Zeki kadından korkma meselesi de var. Bu bana inanılmaz saçma geliyor. N’apıyor da korkuyorsun? Bir anda çarpım tablosunu mu soruyor? Aslında erkeğin evde beyni kapatması durumu biz kadınlarda da var. Tam bitkiye dönüşmesek bile fazla duygusallıktan komaya giriyoruz. En akıllımız bile ilgisizlik karşısında inceden çıldırıyoruz.


Salak sevgilim

Bunu zaten kimseyi bulamayınca, “Erkekler zekâmdan korkuyor” diyen kızlar ortaya attı. Zamanında yapmadım mı? Ayıpsın! Ay dedim hem çirkinim hem bodurum bari zeki olayım.

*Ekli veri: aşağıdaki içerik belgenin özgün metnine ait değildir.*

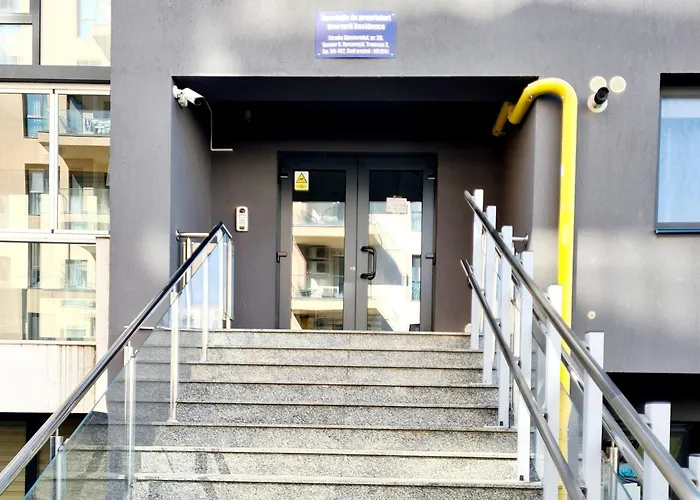 Modern 113 With Balcony Апартаменти *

Ne bileyim kemik çerçeveli gözlük, az dekolte, fazla yabancı dil derken; bir grup Rus kızın masasında Kyoto Protokolü’nden bahsetmeye çalıştığım zaman kimsenin beni dinlemediğini fark edince bunun korku olmadığını anladım. Virgül koymadan nefessiz bir şeyler anlatmaya çalışıyorum. Adamlar gitmiş, Türkçeyi konuşmadığı için kızlara bazı kelimeleri söyletip onlara gülüyor. Gülmekle kalmıyor hatta ağızlarının içine düşüyorlar. Ayrıca hiç benden korkuyora benzemiyorlardı. “Öfff şu bayık karı gitse de şu kızlarla eğlensek” durumundalardı daha çok.
“Aptal ama yakışıklı bir erkekle olmak ister miydim” diye düşünüyorum. Düşünüyorum, düşünüyorum... Bir saniye hâlâ düşünüyorum. Ay kendimle çelişeceğim ama şimdi yakışıklı olanın kim olduğuna bağlı olabilir. Yalnız itiraf edeyim: Bir sevgilim inanılmaz aptaldı. Başta çok eğlenceli. Her türlü kandırıyorsun, dalga geçiyorsun, kendini yanında iyi hissediyorsun. Ama bir süre sonra tokatlamamak için kendini zor tutuyorsun. Egon için iyi görünen olay, sonlara doğru “Ben bununla ne yapıyorum” oluyor.
Belki erkekler için de aynıdır, bir süre sonra onlar da zeki kadın diye yanıp tutuşuyordur. Onlara birebir sorduğun zaman zaten “Aptal kadına tahammül edemem” türünden şeyler söylese de gözbebeklerinin büyüme çapından yalan oranını anlıyorsun zaten.
Amaaaan zaten George Clooney azıcık karbonhidrata yüklendiği vakit, Abdullah Gül’e dönüşecek. Boşuna Amal’ı kıskanmayayım. Spor salonunun koşu bandında gidip biraz kitap okuyayım en iyisi.